Dataset entries
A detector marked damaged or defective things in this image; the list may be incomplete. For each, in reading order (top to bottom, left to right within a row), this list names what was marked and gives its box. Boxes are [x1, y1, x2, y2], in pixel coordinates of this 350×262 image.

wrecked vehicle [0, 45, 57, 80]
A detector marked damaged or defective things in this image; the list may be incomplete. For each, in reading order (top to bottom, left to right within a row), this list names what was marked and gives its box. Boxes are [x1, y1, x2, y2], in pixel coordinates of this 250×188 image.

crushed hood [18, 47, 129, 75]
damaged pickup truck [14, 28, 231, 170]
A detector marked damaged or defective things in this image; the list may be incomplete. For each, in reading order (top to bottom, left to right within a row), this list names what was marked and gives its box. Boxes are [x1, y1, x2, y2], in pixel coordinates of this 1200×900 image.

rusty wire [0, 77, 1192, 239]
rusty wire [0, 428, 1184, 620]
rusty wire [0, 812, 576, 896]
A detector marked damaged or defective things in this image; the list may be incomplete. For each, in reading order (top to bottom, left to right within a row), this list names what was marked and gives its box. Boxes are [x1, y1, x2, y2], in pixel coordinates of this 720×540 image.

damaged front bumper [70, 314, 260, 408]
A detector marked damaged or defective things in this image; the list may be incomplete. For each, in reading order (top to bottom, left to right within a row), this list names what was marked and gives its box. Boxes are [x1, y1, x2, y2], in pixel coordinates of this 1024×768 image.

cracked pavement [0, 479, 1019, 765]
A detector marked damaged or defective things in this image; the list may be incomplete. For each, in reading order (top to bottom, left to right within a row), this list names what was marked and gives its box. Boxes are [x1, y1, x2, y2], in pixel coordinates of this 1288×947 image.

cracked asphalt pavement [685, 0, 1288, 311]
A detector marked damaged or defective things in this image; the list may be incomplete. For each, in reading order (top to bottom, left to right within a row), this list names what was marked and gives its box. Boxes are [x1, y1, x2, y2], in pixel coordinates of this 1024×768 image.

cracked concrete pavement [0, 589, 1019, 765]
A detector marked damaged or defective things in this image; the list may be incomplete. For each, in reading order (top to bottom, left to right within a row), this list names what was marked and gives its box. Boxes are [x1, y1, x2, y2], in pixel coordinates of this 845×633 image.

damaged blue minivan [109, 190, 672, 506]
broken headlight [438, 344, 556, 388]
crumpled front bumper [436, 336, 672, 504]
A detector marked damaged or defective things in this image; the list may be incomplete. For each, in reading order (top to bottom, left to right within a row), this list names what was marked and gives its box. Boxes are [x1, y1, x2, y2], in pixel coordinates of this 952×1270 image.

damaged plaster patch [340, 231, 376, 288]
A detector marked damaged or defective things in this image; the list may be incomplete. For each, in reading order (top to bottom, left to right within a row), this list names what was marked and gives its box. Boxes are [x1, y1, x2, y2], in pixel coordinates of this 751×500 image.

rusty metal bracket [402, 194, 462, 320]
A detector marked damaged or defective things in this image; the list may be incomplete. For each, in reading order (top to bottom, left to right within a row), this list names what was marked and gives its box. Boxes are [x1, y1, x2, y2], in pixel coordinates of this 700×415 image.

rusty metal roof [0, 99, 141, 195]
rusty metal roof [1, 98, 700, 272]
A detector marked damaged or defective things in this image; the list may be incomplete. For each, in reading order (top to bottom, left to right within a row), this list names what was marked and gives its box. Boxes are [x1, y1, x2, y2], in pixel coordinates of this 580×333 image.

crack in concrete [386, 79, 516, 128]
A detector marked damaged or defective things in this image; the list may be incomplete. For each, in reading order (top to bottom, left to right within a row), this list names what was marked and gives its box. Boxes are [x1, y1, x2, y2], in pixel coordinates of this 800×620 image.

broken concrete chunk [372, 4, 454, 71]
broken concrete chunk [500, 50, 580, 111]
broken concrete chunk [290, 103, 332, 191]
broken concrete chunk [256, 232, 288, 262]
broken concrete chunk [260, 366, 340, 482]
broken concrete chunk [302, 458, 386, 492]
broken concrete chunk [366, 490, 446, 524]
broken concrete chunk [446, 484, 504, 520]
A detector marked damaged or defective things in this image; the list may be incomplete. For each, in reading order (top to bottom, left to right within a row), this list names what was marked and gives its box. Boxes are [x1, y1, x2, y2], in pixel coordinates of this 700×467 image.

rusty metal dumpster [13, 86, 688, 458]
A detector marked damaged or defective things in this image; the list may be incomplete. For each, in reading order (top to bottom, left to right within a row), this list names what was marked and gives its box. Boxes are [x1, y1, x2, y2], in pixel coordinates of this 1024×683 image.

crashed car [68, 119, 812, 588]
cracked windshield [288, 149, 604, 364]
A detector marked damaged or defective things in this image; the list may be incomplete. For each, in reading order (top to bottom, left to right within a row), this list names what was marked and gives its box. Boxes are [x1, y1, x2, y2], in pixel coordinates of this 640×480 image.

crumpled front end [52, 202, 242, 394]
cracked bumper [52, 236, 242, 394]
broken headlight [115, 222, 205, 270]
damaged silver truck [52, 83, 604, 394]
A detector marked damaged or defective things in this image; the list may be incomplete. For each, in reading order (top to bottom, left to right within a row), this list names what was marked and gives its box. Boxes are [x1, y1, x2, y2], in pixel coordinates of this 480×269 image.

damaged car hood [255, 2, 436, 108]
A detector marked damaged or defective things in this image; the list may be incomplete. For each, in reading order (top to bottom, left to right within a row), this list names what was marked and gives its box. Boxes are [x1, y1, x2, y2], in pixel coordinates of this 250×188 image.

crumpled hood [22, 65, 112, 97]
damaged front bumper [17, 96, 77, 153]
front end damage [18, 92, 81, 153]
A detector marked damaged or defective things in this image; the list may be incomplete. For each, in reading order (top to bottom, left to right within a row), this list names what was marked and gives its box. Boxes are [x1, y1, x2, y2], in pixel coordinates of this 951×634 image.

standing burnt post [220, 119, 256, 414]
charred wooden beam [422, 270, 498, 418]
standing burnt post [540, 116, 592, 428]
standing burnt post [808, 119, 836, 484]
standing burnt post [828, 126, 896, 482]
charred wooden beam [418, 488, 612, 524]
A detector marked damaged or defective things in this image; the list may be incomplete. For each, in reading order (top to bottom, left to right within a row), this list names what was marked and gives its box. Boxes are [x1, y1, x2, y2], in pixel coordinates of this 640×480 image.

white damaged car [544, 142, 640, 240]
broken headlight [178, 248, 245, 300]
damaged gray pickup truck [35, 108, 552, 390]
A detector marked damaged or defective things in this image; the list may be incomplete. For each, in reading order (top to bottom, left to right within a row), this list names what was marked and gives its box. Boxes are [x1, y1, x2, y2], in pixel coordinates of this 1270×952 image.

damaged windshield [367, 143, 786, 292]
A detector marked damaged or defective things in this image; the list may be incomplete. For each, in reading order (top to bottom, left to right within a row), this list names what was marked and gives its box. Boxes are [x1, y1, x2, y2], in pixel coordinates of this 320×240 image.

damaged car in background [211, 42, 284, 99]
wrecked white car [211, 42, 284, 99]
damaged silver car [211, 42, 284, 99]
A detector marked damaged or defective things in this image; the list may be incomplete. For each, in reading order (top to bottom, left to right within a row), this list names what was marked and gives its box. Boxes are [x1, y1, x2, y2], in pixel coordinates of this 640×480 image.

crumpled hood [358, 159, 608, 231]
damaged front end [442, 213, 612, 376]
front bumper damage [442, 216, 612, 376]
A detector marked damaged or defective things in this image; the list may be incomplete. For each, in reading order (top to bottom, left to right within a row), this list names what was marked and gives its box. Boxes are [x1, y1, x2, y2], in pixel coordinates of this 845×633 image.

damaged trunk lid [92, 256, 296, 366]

### INSTRUCTIONS FOR THE TASK
Every entry should be retyped exactly as it appears.

### EXERCISE ANSWER
A detector marked damaged or defective things in this image; the list may be incomplete. For each, in reading order (top to bottom, left to right within a row), this list names what was marked and gives its box. Boxes are [x1, y1, x2, y2], in pixel coordinates of this 350×262 image.

wrecked vehicle [0, 45, 57, 80]
A detector marked damaged or defective things in this image; the list may be incomplete. For each, in reading order (top to bottom, left to right within a row), this list names what was marked and gives its box. Boxes are [x1, y1, x2, y2], in pixel coordinates of this 250×188 image.

crushed hood [18, 47, 129, 75]
damaged pickup truck [14, 28, 231, 170]
A detector marked damaged or defective things in this image; the list may be incomplete. For each, in reading order (top to bottom, left to right within a row), this list names what was marked and gives its box. Boxes are [x1, y1, x2, y2], in pixel coordinates of this 1200×900 image.

rusty wire [0, 77, 1192, 239]
rusty wire [0, 428, 1184, 620]
rusty wire [0, 812, 576, 896]
A detector marked damaged or defective things in this image; the list may be incomplete. For each, in reading order (top to bottom, left to right within a row), this list names what was marked and gives its box. Boxes are [x1, y1, x2, y2], in pixel coordinates of this 720×540 image.

damaged front bumper [70, 314, 260, 408]
A detector marked damaged or defective things in this image; the list may be incomplete. For each, in reading order (top to bottom, left to right within a row), this list names what was marked and gives its box. Boxes are [x1, y1, x2, y2], in pixel coordinates of this 1024×768 image.

cracked pavement [0, 479, 1019, 765]
A detector marked damaged or defective things in this image; the list may be incomplete. For each, in reading order (top to bottom, left to right within a row), this list names what was marked and gives its box. Boxes are [x1, y1, x2, y2], in pixel coordinates of this 1288×947 image.

cracked asphalt pavement [685, 0, 1288, 311]
A detector marked damaged or defective things in this image; the list may be incomplete. For each, in reading order (top to bottom, left to right within a row), this list names what was marked and gives its box. Boxes are [x1, y1, x2, y2], in pixel coordinates of this 1024×768 image.

cracked concrete pavement [0, 589, 1019, 765]
A detector marked damaged or defective things in this image; the list may be incomplete. For each, in reading order (top to bottom, left to right within a row), this list names what was marked and gives its box. Boxes are [x1, y1, x2, y2], in pixel coordinates of this 845×633 image.

damaged blue minivan [109, 190, 672, 506]
broken headlight [438, 344, 556, 388]
crumpled front bumper [436, 336, 672, 504]
A detector marked damaged or defective things in this image; the list may be incomplete. For each, in reading order (top to bottom, left to right within a row), this list names what was marked and gives its box. Boxes are [x1, y1, x2, y2], in pixel coordinates of this 952×1270 image.

damaged plaster patch [340, 231, 376, 288]
A detector marked damaged or defective things in this image; the list may be incomplete. For each, in reading order (top to bottom, left to right within a row), this list names what was marked and gives its box. Boxes are [x1, y1, x2, y2], in pixel coordinates of this 751×500 image.

rusty metal bracket [402, 194, 462, 320]
A detector marked damaged or defective things in this image; the list may be incomplete. For each, in reading order (top to bottom, left to right within a row), this list names what was marked and gives its box. Boxes are [x1, y1, x2, y2], in pixel coordinates of this 700×415 image.

rusty metal roof [0, 99, 141, 195]
rusty metal roof [1, 98, 700, 272]
A detector marked damaged or defective things in this image; the list may be incomplete. For each, in reading order (top to bottom, left to right within a row), this list names what was marked and gives its box. Boxes are [x1, y1, x2, y2], in pixel coordinates of this 580×333 image.

crack in concrete [386, 79, 516, 128]
A detector marked damaged or defective things in this image; the list may be incomplete. For each, in reading order (top to bottom, left to right within a row), this list names what was marked and gives its box. Boxes are [x1, y1, x2, y2], in pixel coordinates of this 800×620 image.

broken concrete chunk [372, 4, 454, 71]
broken concrete chunk [500, 50, 580, 111]
broken concrete chunk [290, 103, 332, 191]
broken concrete chunk [256, 232, 288, 262]
broken concrete chunk [260, 366, 340, 482]
broken concrete chunk [302, 458, 386, 492]
broken concrete chunk [366, 490, 446, 524]
broken concrete chunk [446, 484, 504, 520]
A detector marked damaged or defective things in this image; the list may be incomplete. For each, in reading order (top to bottom, left to right within a row), this list names what was marked and gives its box. Boxes are [x1, y1, x2, y2], in pixel coordinates of this 700×467 image.

rusty metal dumpster [13, 86, 688, 458]
A detector marked damaged or defective things in this image; the list may be incomplete. For each, in reading order (top to bottom, left to right within a row), this list names what was marked and gives its box. Boxes are [x1, y1, x2, y2], in pixel coordinates of this 1024×683 image.

crashed car [68, 119, 812, 588]
cracked windshield [288, 149, 604, 364]
A detector marked damaged or defective things in this image; the list may be incomplete. For each, in reading order (top to bottom, left to right within a row), this list names what was marked and gives its box. Boxes are [x1, y1, x2, y2], in pixel coordinates of this 640×480 image.

crumpled front end [52, 202, 242, 394]
cracked bumper [52, 236, 242, 394]
broken headlight [115, 222, 205, 270]
damaged silver truck [52, 83, 604, 394]
A detector marked damaged or defective things in this image; the list may be incomplete. For each, in reading order (top to bottom, left to right within a row), this list names what was marked and gives its box. Boxes are [x1, y1, x2, y2], in pixel coordinates of this 480×269 image.

damaged car hood [255, 2, 436, 108]
A detector marked damaged or defective things in this image; the list may be incomplete. For each, in reading order (top to bottom, left to right within a row), this list names what was marked and gives its box. Boxes are [x1, y1, x2, y2], in pixel coordinates of this 250×188 image.

crumpled hood [22, 65, 112, 97]
damaged front bumper [17, 96, 77, 153]
front end damage [18, 92, 81, 153]
A detector marked damaged or defective things in this image; the list may be incomplete. For each, in reading order (top to bottom, left to right within a row), this list names what was marked and gives its box. Boxes are [x1, y1, x2, y2], in pixel coordinates of this 951×634 image.

standing burnt post [220, 119, 256, 414]
charred wooden beam [422, 270, 498, 418]
standing burnt post [540, 116, 592, 428]
standing burnt post [808, 119, 836, 484]
standing burnt post [828, 126, 896, 482]
charred wooden beam [418, 488, 612, 524]
A detector marked damaged or defective things in this image; the list may be incomplete. For each, in reading order (top to bottom, left to right within a row), this list names what was marked and gives its box. Boxes are [x1, y1, x2, y2], in pixel coordinates of this 640×480 image.

white damaged car [544, 142, 640, 240]
broken headlight [178, 248, 245, 300]
damaged gray pickup truck [35, 108, 552, 390]
A detector marked damaged or defective things in this image; the list may be incomplete. For each, in reading order (top to bottom, left to right within a row), this list names what was marked and gives its box. Boxes are [x1, y1, x2, y2], in pixel coordinates of this 1270×952 image.

damaged windshield [367, 143, 786, 292]
A detector marked damaged or defective things in this image; the list may be incomplete. For each, in reading order (top to bottom, left to right within a row), this list names what was marked and gives its box. Boxes are [x1, y1, x2, y2], in pixel coordinates of this 320×240 image.

damaged car in background [211, 42, 284, 99]
wrecked white car [211, 42, 284, 99]
damaged silver car [211, 42, 284, 99]
A detector marked damaged or defective things in this image; the list may be incomplete. For each, in reading order (top to bottom, left to right within a row), this list names what was marked and gives its box. Boxes are [x1, y1, x2, y2], in pixel coordinates of this 640×480 image.

crumpled hood [358, 159, 608, 231]
damaged front end [442, 213, 612, 376]
front bumper damage [442, 216, 612, 376]
A detector marked damaged or defective things in this image; the list may be incomplete. For each, in reading order (top to bottom, left to right within a row), this list names what was marked and gives its box. Boxes are [x1, y1, x2, y2], in pixel coordinates of this 845×633 image.

damaged trunk lid [92, 256, 296, 366]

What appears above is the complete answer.